Velen onder ons die zich de laatste maanden hebben beziggehouden met de onopgeloste vragen rondom de Maror-gelden, zullen met grote verwachting hebben uitgekeken naar de 20e augustus. Gisteren vond in Den Haag een belangrijke bespreking plaats onder auspiciën van het Nederlandse Ministerie van Financiën, waar alle partijen waren uitgenodigd om hun standpunten toe te lichten, zowel degenen die menen dat er geen problemen bestaan, als de personen die betwijfelen of alle financiële transacties over de jaren geheel volgens de regels zijn uitgevoerd.

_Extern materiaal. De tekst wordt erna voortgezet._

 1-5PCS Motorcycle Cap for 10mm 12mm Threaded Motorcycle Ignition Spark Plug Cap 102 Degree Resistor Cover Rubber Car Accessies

Het ministerie draagt een zekere overkoepelende verantwoordelijkheid voor de juiste uitvoering van deze veelomvattende restituties en moet zich op grond van de aangeboden gegevens een beeld zien te vormen van de gebeurtenissen. De twijfels zijn uitgebreid voorgelegd aan een groot publiek in een publicatie van de Volkskrant, en er is zodoende bij de betreffende gemeenschappen, in Nederland en in Israël, een niet geringe mate van onrust verspreid. Uiteindelijk moet er dan een beslissing komen of er plaats is voor een grondiger onderzoek in deze materie, waar het meest passend lijkt te zijn het inschakelen van een forensische accountant die het hele ingewikkelde spectrum van instanties door kan lichten, over het hele geldtraject.
De Maror-gelden betreffen de restitutie van gelden die ooit de Nederlands-Joodse gemeenschap toebehoorden en die volgens bepaalde sleutels verdeeld zijn over slachtoffers en overlevenden van de Sjoa. Het komt onze gemeenschap toe om voor eens en altijd een afsluitend antwoord te krijgen op de vraag of er met deze gelden met de uiterste nauwkeurigheid is gehandeld volgens de hoogste ethische normen.
Wij zien met belangstelling uit naar de beslissingen van het Nederlandse Ministerie van Financiën.